*** Opening Record extracts ***
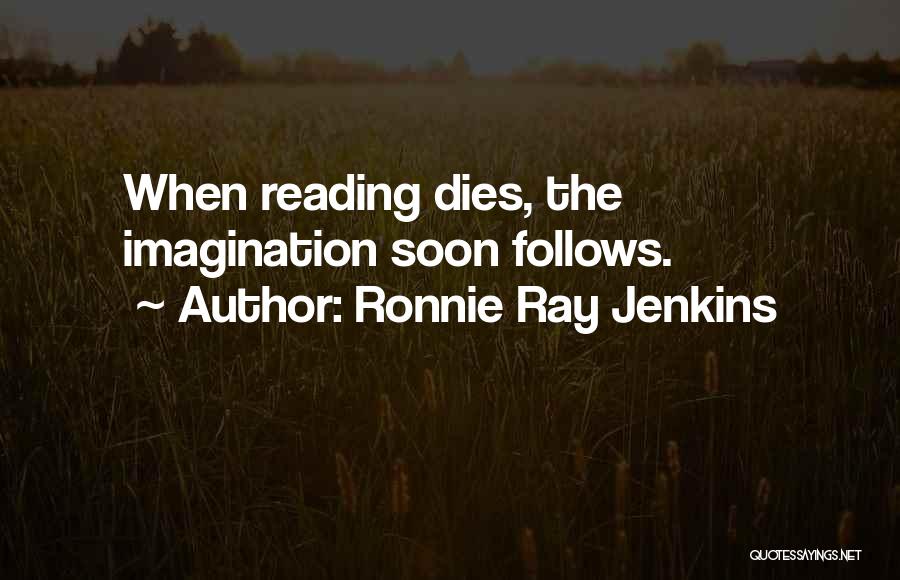 Ronnie Ray Jenkins Quotes 1415707
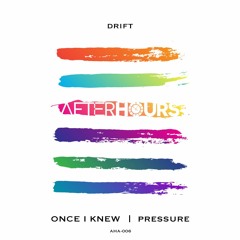 Drift - Once I Knew (FREE DOWNLOAD) [AHA-006]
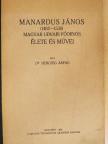 Dr. Herczeg Árpád - Manardus János (1462-1536) magyar udvari főorvos élete és művei [antikvár]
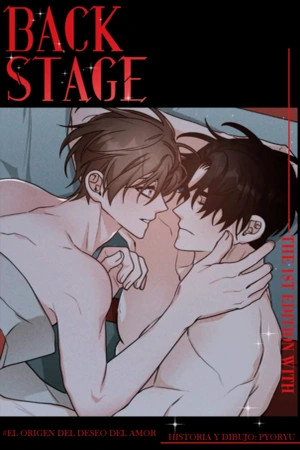 BackStage: El Origen del Deseo del Amor (The Desire For Love Is Born) Manga
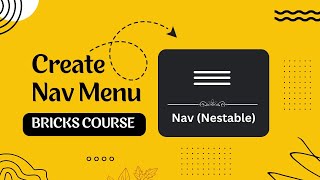 How To Create Nav Menu Using Bricks Nav Nestable Element  Bricks Builder Tutorial [upl. by Enrique]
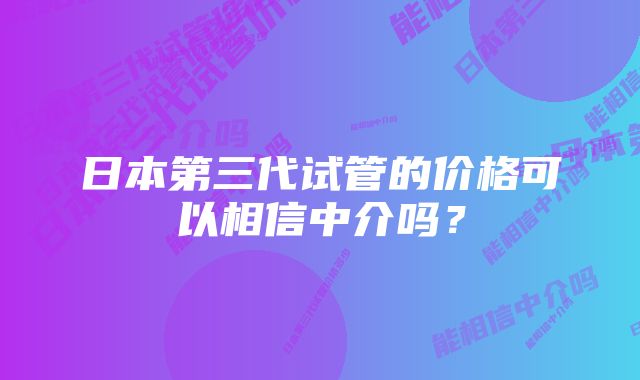 日本第三代试管的价格可以相信中介吗？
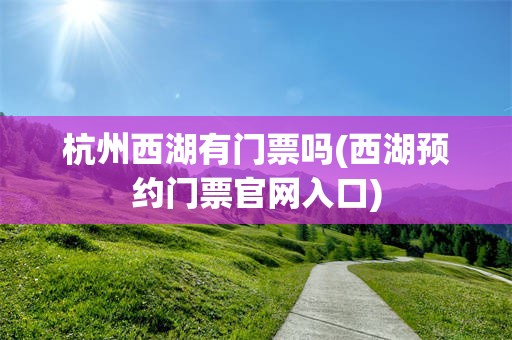 杭州西湖有门票吗(西湖预约门票官网入口)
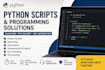 create python scripts and solve python programing tasks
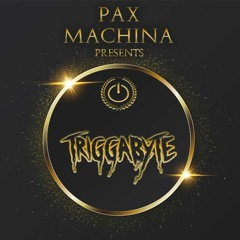 Pax Machina Presents #7 - Triggabyte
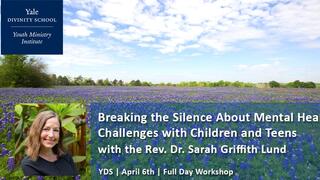 Breaking the Silence About Mental Health Challenges with Children and Teens with the Rev. Dr. Sarah Griffith Lund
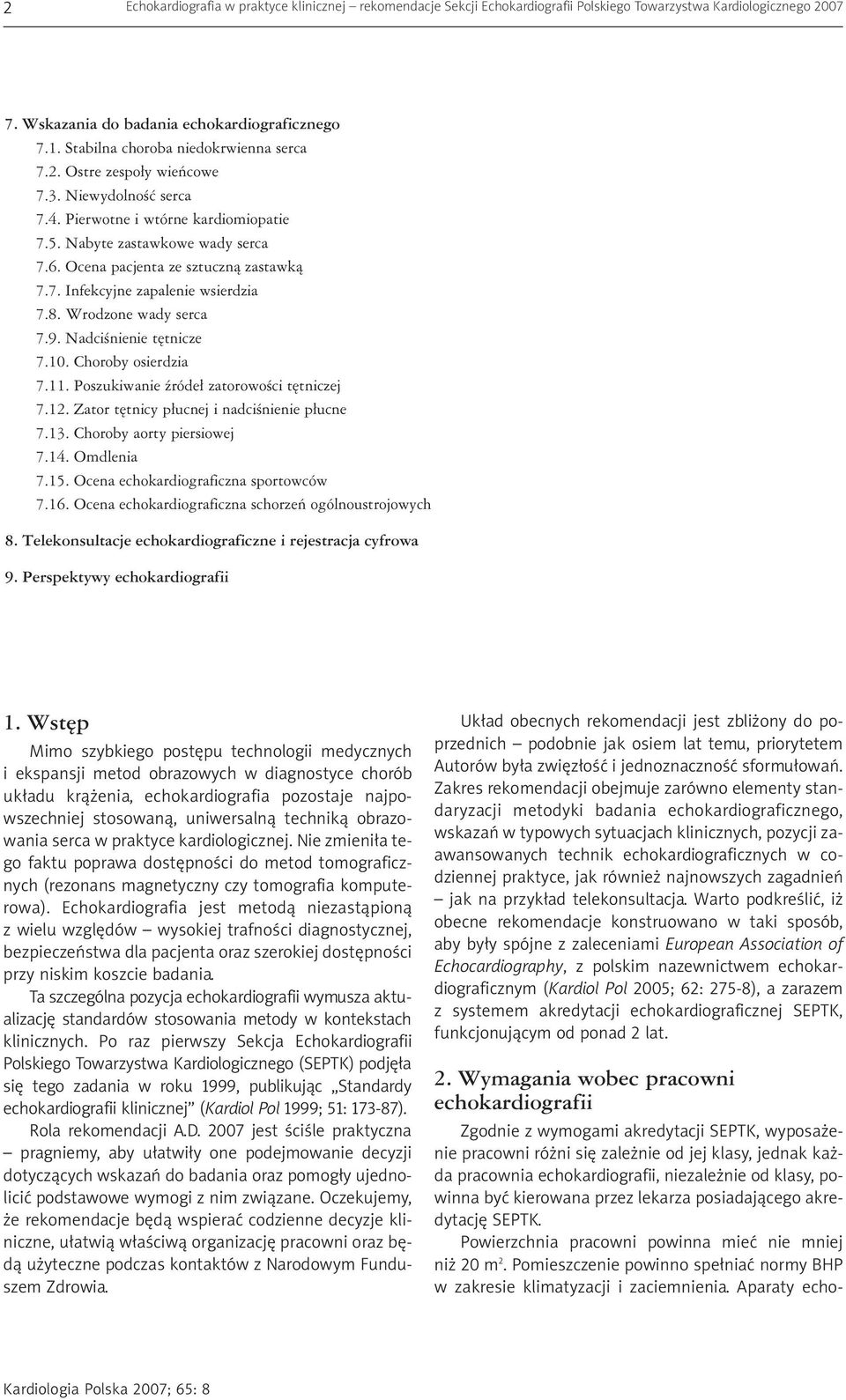 Ocena pacjenta ze sztuczną zastawką 7.7. Infekcyjne zapalenie wsierdzia 7.8. Wrodzone wady serca 7.9. Nadciśnienie tętnicze 7.10. Choroby osierdzia 7.11. Poszukiwanie źródeł zatorowości tętniczej 7.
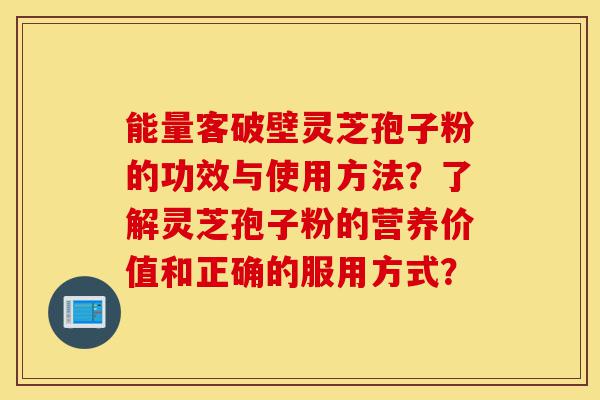 能量客破壁灵芝孢子粉的功效与使用方法?了解灵芝孢子粉的营养价值和正确的服用方式?-第1张图片-灵芝之家 能量客破壁灵芝孢子粉的功效与使用方法?了解灵芝孢子粉的营养价值和正确的服用方式?-第1张图片-灵芝之家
*** Closing Record extracts ***
> _What the task requires_: Every entry above is to be copied verbatim, with the pictures removed.

> _Reply_:
 Ronnie Ray Jenkins Quotes 1415707
 Drift - Once I Knew (FREE DOWNLOAD) [AHA-006]
 Dr. Herczeg Árpád - Manardus János (1462-1536) magyar udvari főorvos élete és művei [antikvár]
 BackStage: El Origen del Deseo del Amor (The Desire For Love Is Born) Manga
 How To Create Nav Menu Using Bricks Nav Nestable Element  Bricks Builder Tutorial [upl. by Enrique]
 日本第三代试管的价格可以相信中介吗？
 杭州西湖有门票吗(西湖预约门票官网入口)
 create python scripts and solve python programing tasks
 Pax Machina Presents #7 - Triggabyte
 Breaking the Silence About Mental Health Challenges with Children and Teens with the Rev. Dr. Sarah Griffith Lund
 Ocena pacjenta ze sztuczną zastawką 7.7. Infekcyjne zapalenie wsierdzia 7.8. Wrodzone wady serca 7.9. Nadciśnienie tętnicze 7.10. Choroby osierdzia 7.11. Poszukiwanie źródeł zatorowości tętniczej 7.
 能量客破壁灵芝孢子粉的功效与使用方法?了解灵芝孢子粉的营养价值和正确的服用方式?-第1张图片-灵芝之家 能量客破壁灵芝孢子粉的功效与使用方法?了解灵芝孢子粉的营养价值和正确的服用方式?-第1张图片-灵芝之家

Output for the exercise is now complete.